Mr. Wade is also clear to point out that there are several areas where growth exists, and those tend to be driven by niche attributes that are clear to see, to understand, and to act upon with the right data.
Growth is in High-Order Attributes
One such example is the growth associated with “clean label” products, which is driving substantial growth across 7 key grocery categories that are otherwise in decline or flatlining. For instance, “clean label” products (as defined by Nielsen & Label Insight in Nielsen Product Insider) in the Candy, Gum, & Mint category has grown by 10.8% over the 52 weeks ending 6/09/2018.
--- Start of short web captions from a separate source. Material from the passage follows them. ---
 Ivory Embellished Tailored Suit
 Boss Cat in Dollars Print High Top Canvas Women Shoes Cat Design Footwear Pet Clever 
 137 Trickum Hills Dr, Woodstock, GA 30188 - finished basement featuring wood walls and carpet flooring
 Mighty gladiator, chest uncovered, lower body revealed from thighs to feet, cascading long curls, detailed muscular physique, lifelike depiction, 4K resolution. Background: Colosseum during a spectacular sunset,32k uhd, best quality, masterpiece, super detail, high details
Increasingly, the consumer behavior of making purchase decisions based on attributes is evident in the sales data and across all categories of products. At one point, Mr. Wade leverages Nielsen Product Insider powered by Label Insight to point out that between 2015 and 2017, there has been a 6.7% shift in the cosmetics category towards Paraben Free products, where now only 35% of products contain Parabens, and similar size shifts can be seen across many other categories as well.
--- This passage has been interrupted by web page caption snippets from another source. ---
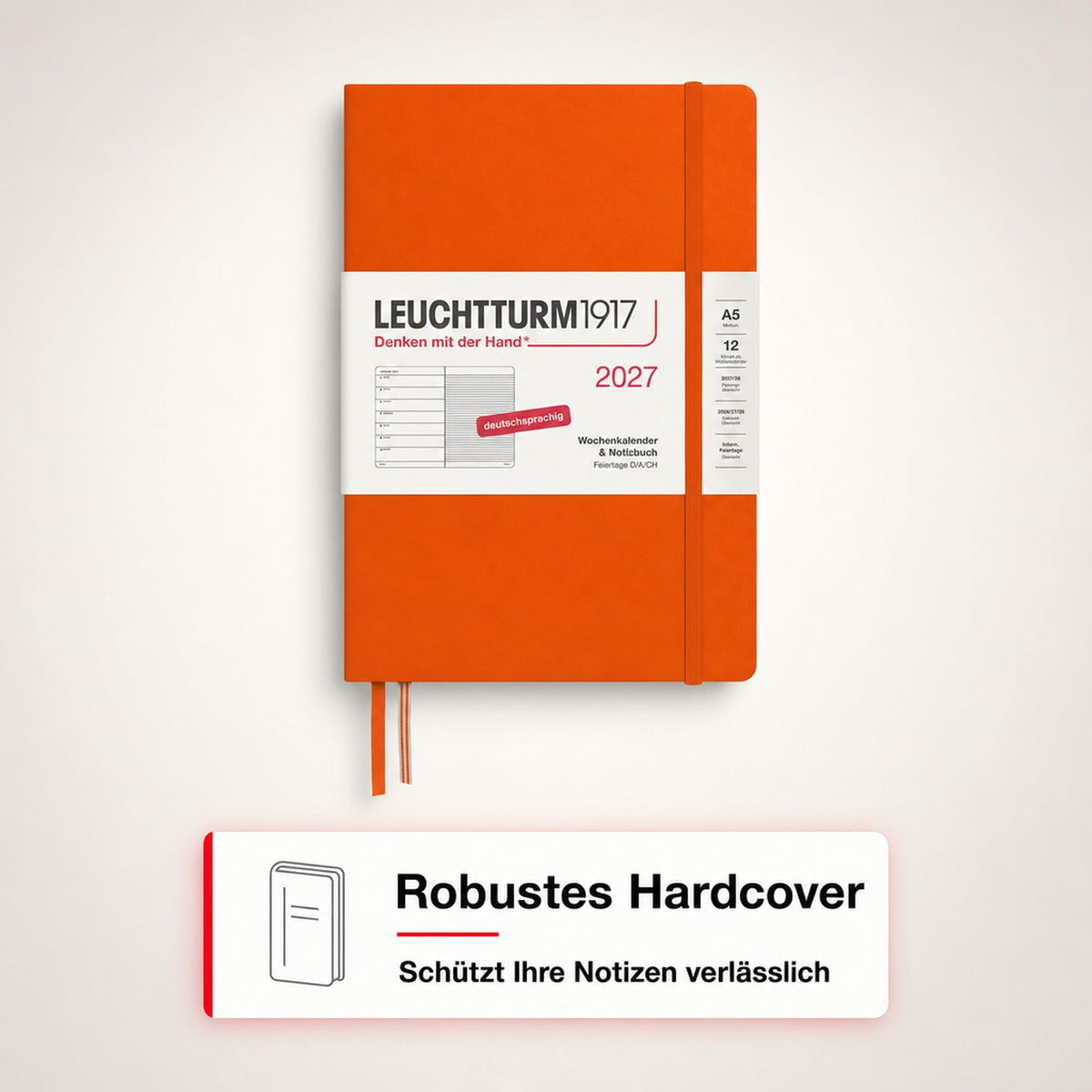 LEUCHTTURM1917 Weekly Calendar 2027 Medium (A5) with Notebook - Appointment Planner German, Pumpkin, January-December 2027, Weekly Overview on the Left + Notes Page on the Right - 400050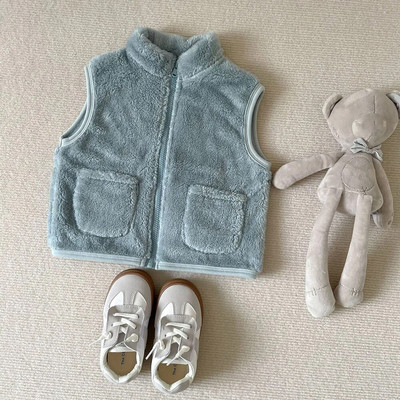 Tüdrukud, poisid, sametvest, sügistalv vabaaja vaba ühevärvilised varrukateta jakid lastele paksud soe vest mantel ülerõivad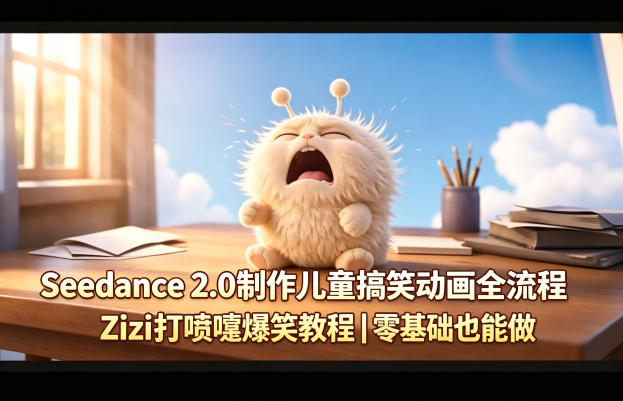 Seedance 2.0制作儿童搞笑动画全流程Zizi打喷嚏爆笑教程｜零基础也能做-靠谱项目库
High-Order Attributes are expanding choice
Often the growth focused on specific attributes can be associated with the rise of specific diets. As the “number of consumers watching what they eat is on the rise, with nearly half of shoppers following a diet or health-related eating program”, the number of different types of diets is increasing, and taking on an ethical perspective. This is clearly visible in the sales performance, which shows for instance, a 24% increase in grass-fed beef sales, a 4% increase in dolphin-safe seafood, and an 11% increase in sustainable farming, among others (Nielsen Product Insider powered by Label insight, 52 weeks ending 12/30/2017).
The demand for transparency is driving the need for more information which is, in turn, driving the availability of more information. The cycle repeats, driving increased fragmentation of needs, a long tail of demands for granular information that is insatiable and always growing. Where will this take us?
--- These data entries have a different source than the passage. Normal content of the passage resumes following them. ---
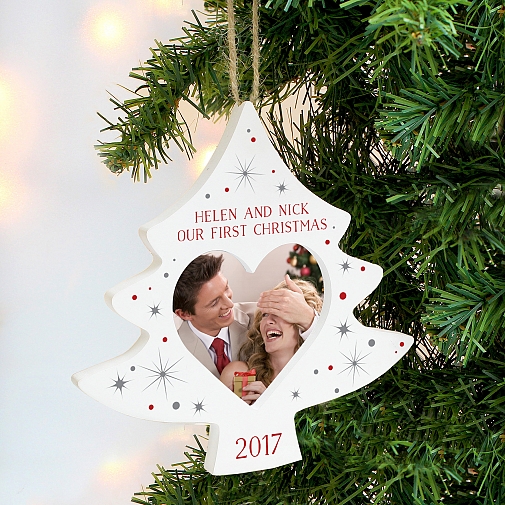 Personalised Christmas Tree Photo Frame Decoration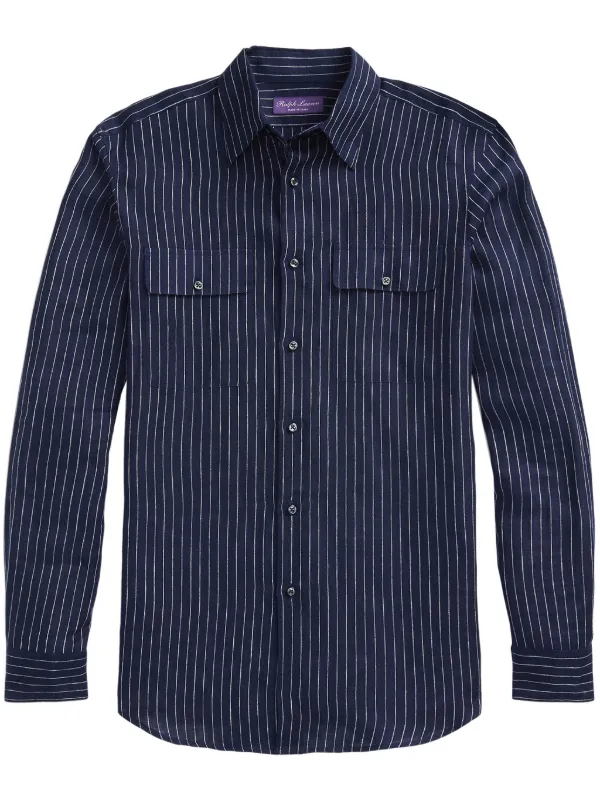 Ralph Lauren Purple Label Striped Linen Shirt Blue FARFETCH HK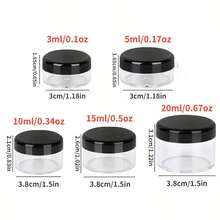 25 个迷你透明面霜罐 3g 5g 空塑料化妆品化妆罐透明样品瓶眼影霜唇膏容器，旅行必需品样品化妆品罐空迷你瓶感恩节、万圣节和圣诞节适用 - 黑色 - 查看 3
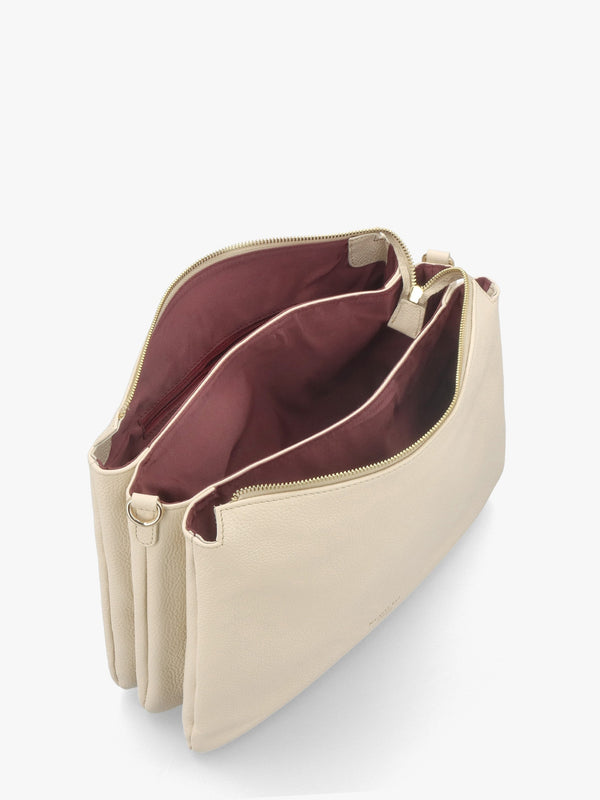 Cream Leather Chain Handle Shoulder Bag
Rise of the individual diet
Mr. Wade touches on one potential response to this question by exploring the fact that people can no longer be defined as being associated with a single dietary profile, but that their profile changes depending on the category they are shopping. This time leveraging data from the FMI & Label Insight Transparency ROI study of 2016, Mr. Wade points out that the demand for transparency varies dramatically across categories. In meat there appears to be a significant demand for transparent information, whereas in snacks the demand is significantly less.
“CatMan has always been about process and data-driven decisions, in this new age of data, attributes are unlocking new growth.” Tom McDonald, Team Leader of Best Practices and Chairman of the Advisory Board for CMA
CatMan sourcing growth
The significance of the dramatic changes associated with the demand for transparency aligns perfectly with the Category Manager’s role and responsibilities. The CatMan + Transparency white paper makes the argument that with the right data, Category Managers can take the lead in moving their companies towards areas of growth and opportunity. The white paper represents a balance between a bold vision for an optimistic future and a tactical guide for practitioners to combine the CatMan 2.0(c) Process with high-order Attributes.